C'est en partie cette tension qui lui permet de franchir les obstacles qui l'épinglent : en effet, la dislocation se courbe sous l'effet de la contrainte (force d'entraînement), donc la tension augmente, et lorsque celle-ci dépasse la force d'épinglage, la dislocation se libère.
En fait, la dislocation est comme une corde vibrante ; bien entendu, ce sont les atomes qui vibrent sous l'effet de l'agitation thermique, mais lorsque des atomes se déplacent, cela modifie le dessin de la ligne de dislocation. Tout se passe donc "comme si" la dislocation elle-même vibrait, comme un fil élastique tendu par la tension de ligne.

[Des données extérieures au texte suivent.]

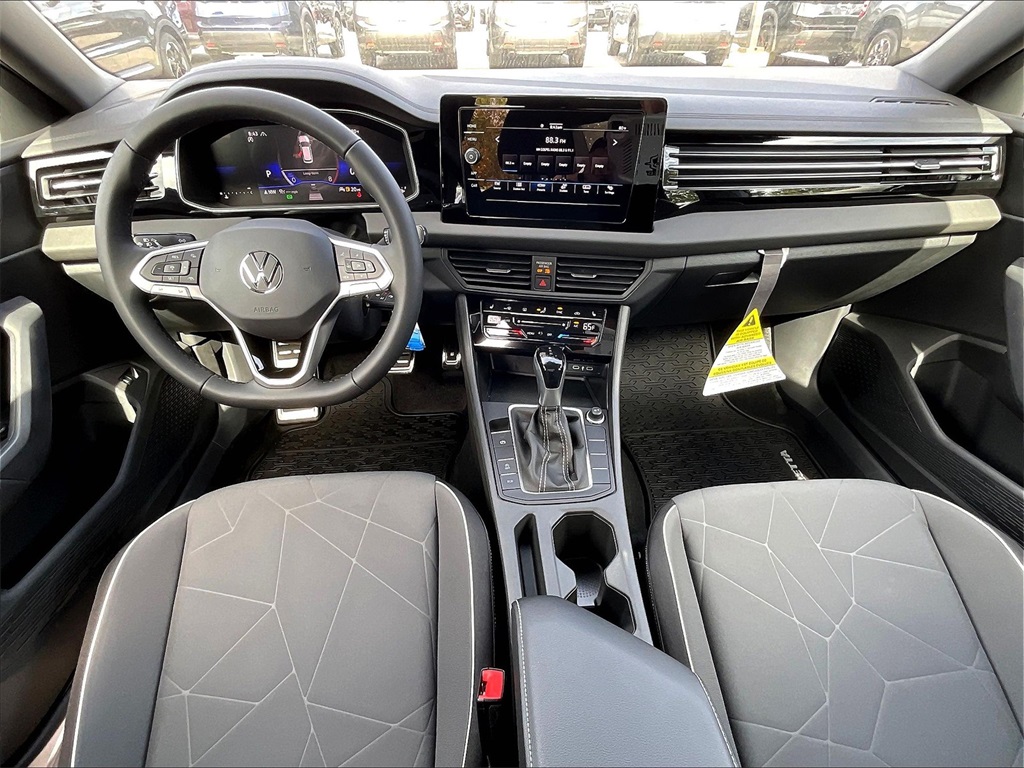 2025 Volkswagen Jetta 1.5T Sport - Photo 12
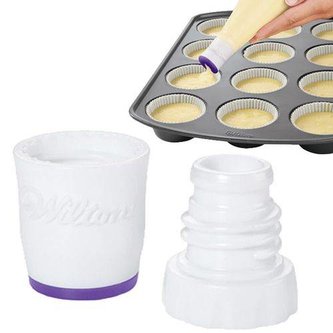 Pomůcka na pro plnění muffinů do košíčků - Wilton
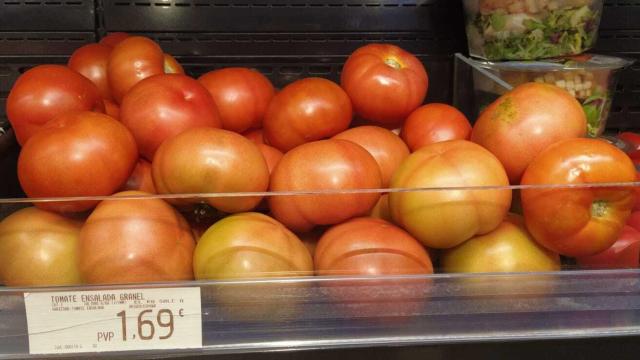 Tomates de ensalada de un supermercado.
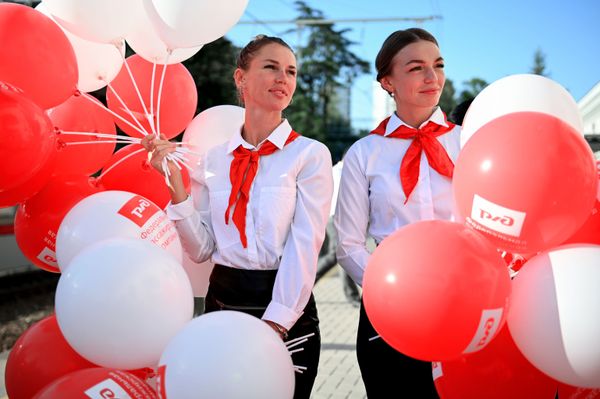Employees of the Russian Railways wait for passengers near a new tourist train Sochi Employees of the Russian Railways wait for passengers near a new tourist train Sochi - Sputnik International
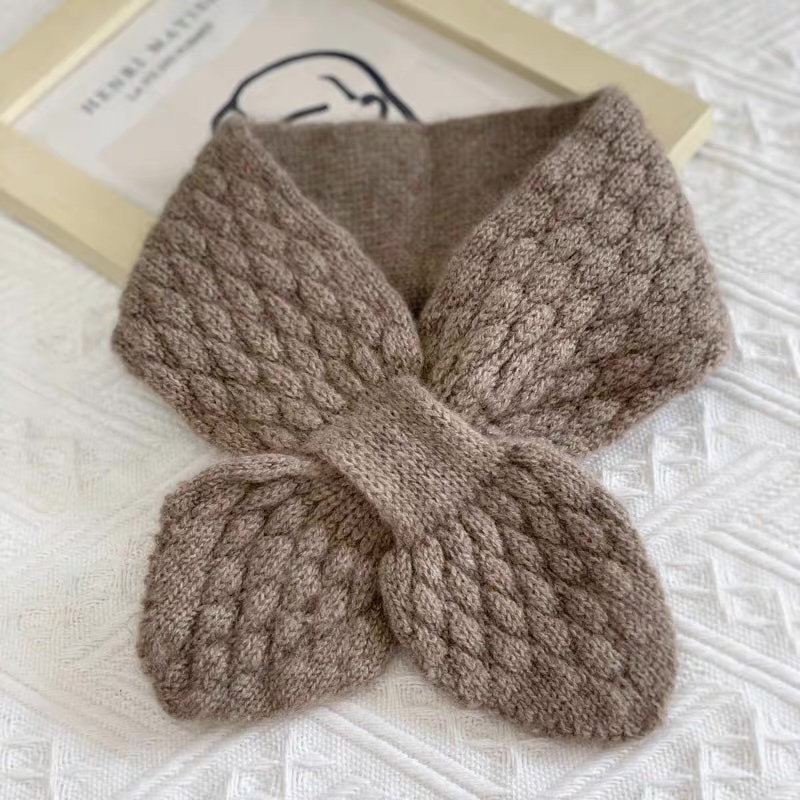 customized Beige Cable Knit Fuzzy Winter Scarf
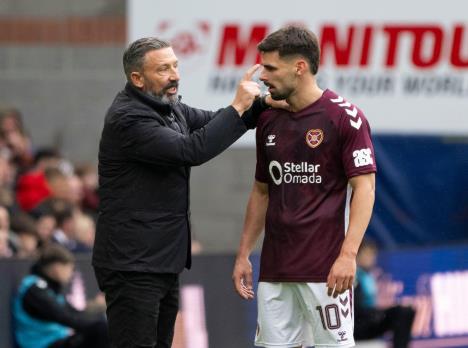 Trener Hartsa Derek Mekinis i fudbaler Klaudio Braga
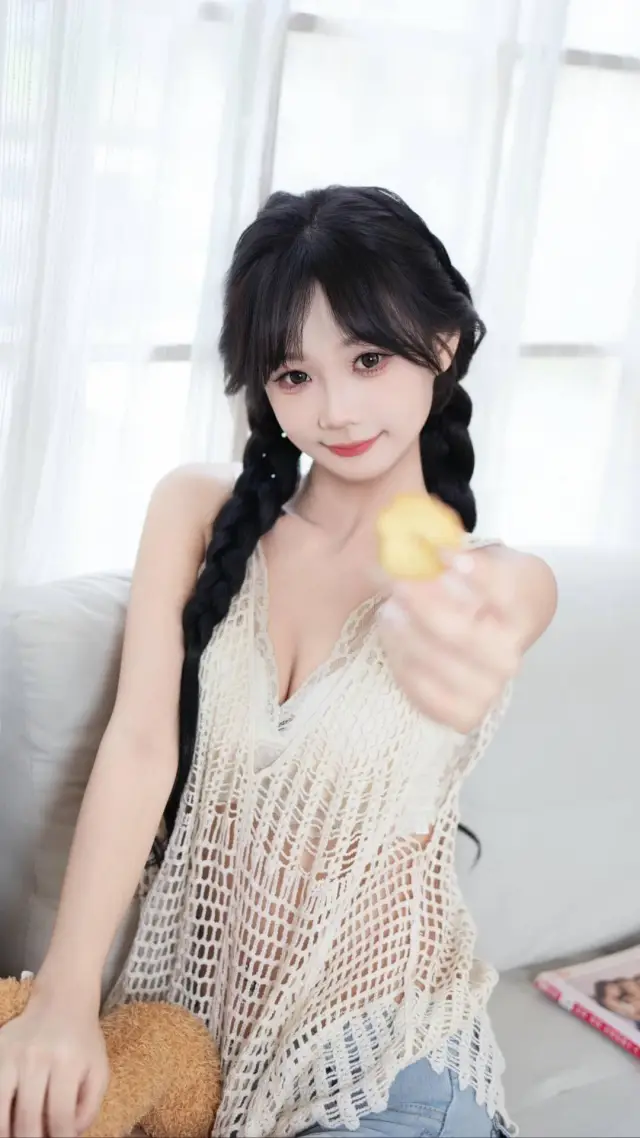 双麻花辫递零食居家美女手机壁纸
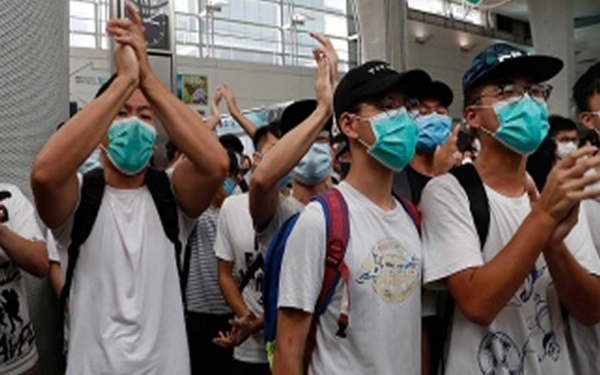 Manifestantes copan shoppings en Hong Kong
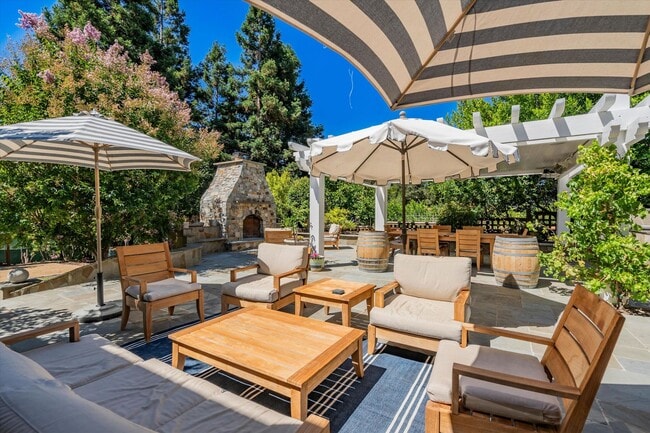 Building Photo - Stunning Los Altos Hills Estate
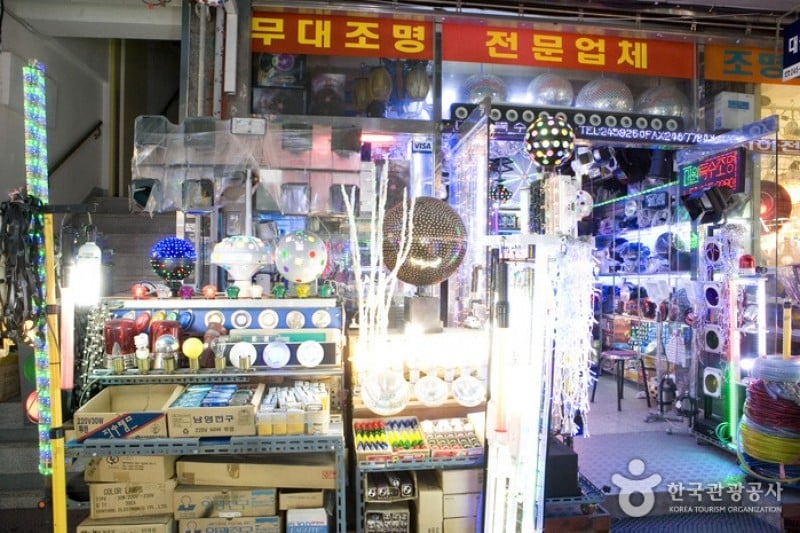 国际市场照明街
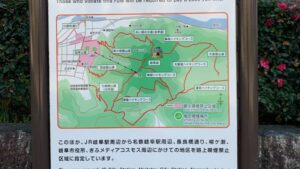 金華山登山道全体マップ。岐阜公園側を含む複数の登山コースのルートと難易度が色分けされている案内板。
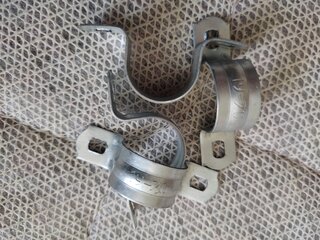 Скоба металл, 20 мм, двухлапковая, TDM Electric, Профи, внутренний d 19-20 мм, SQ0409-0015 - фото 4 от пользователя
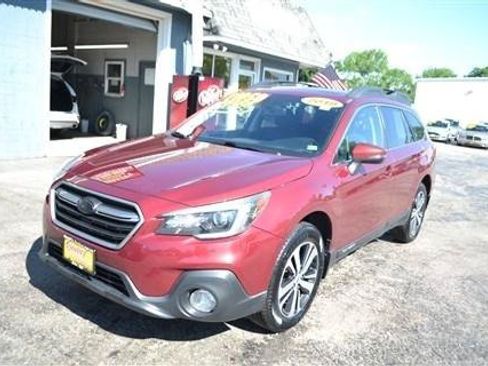 Used 2018 Subaru Outback 2.5i Limited AWD/4WD image 2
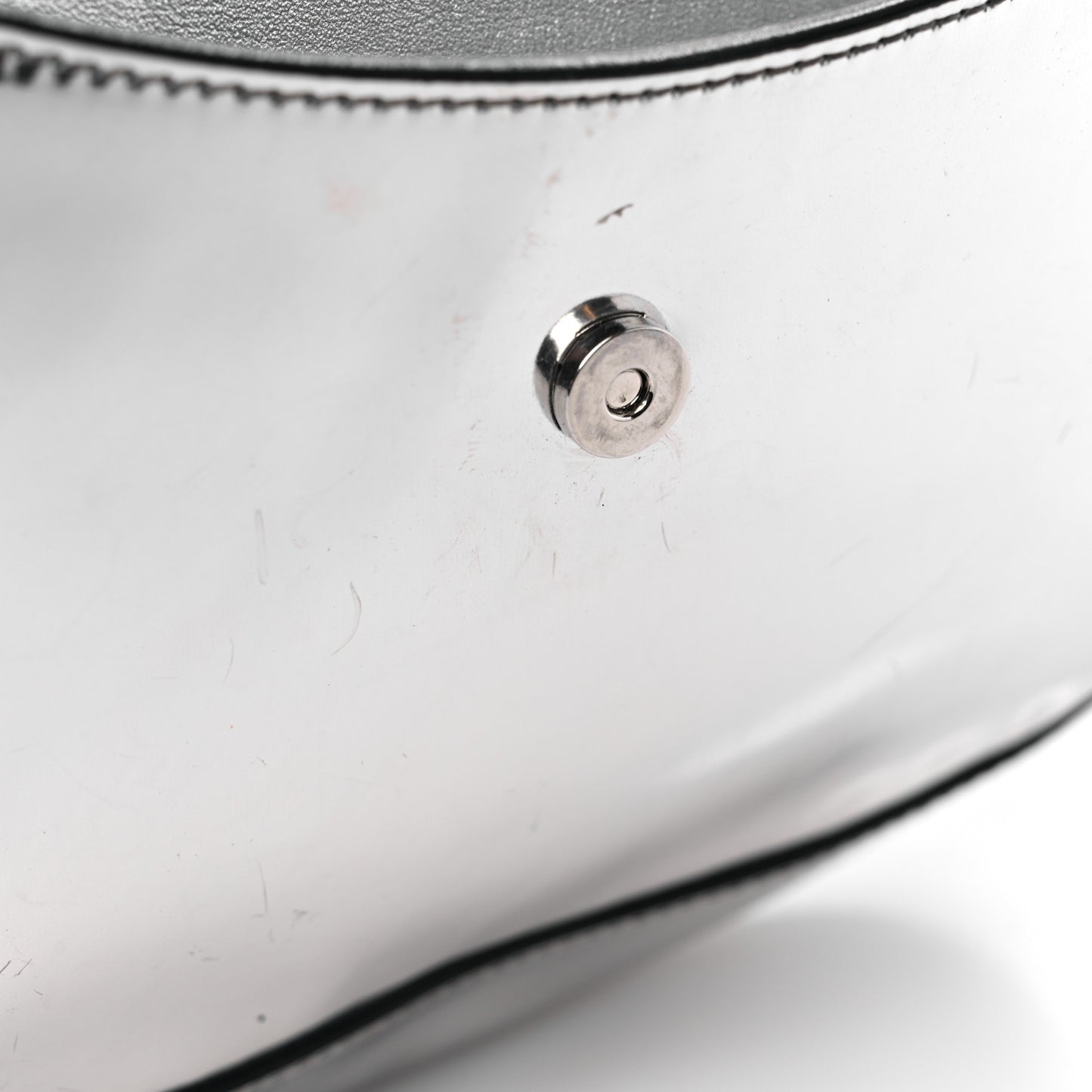 Spazzolato Cleo Flap Shoulder Bag Argento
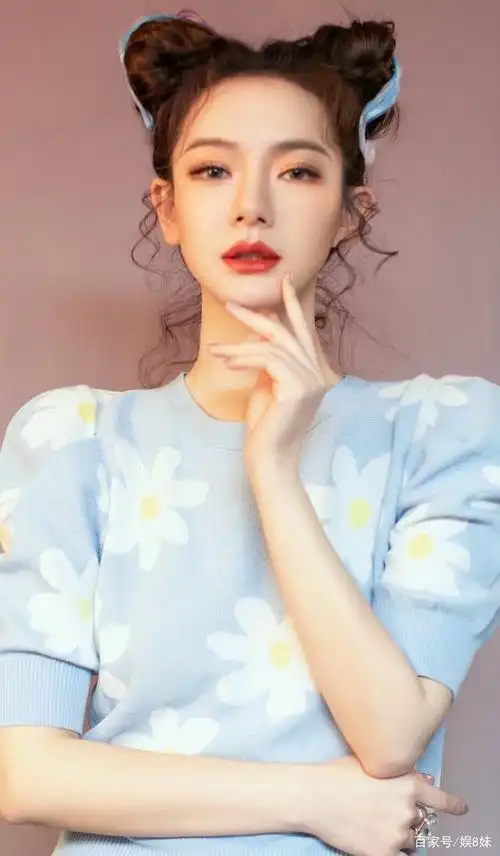 今日图集分享:戚薇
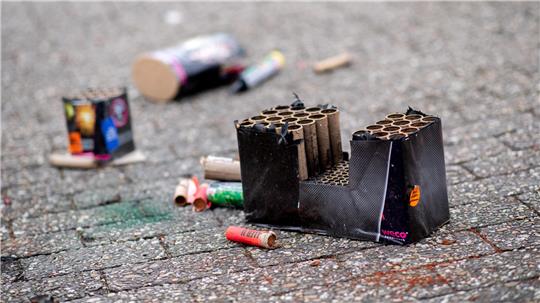Abgebrannte Feuerwerkskörper liegen auf der Straße.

Cette vibration peut permettre à la dislocation épinglée de "sauter" l'obstacle.
L'énergie de vibration est proportionnelle à kT, k étant la constante de Boltzmann1 et T la température absolue (en Kelvin2), et cette énergie participe à la libération de la dislocation, à son désancrage. Donc, le désancrage est thermiquement activé, cela explique que la limite élastique diminue avec la température, le matériau se "ramollit" lorsqu'il chauffe.
La tension de ligne explique aussi que les boucles de dislocation ne soient en fait pas circulaires : le cercle est la figure géométrique qui minimise la longueur, mais cela ne minimise l'énergie que si le milieu est isotrope ; or, le cristal a des directions préférentielles, l'énergie dépend de la longueur donnée de ligne et de l'orientation de la ligne. Une boucle de dislocation sera donc en fait composée de parties rectilignes dont les directions sont perpendiculaires aux directions denses du cristal (ce sont les directions pour lesquelles l'énergie est minimale). Dans le cas d'un cristal cubique centré par exemple, les boucles dans les plans {111} seront hexagonales.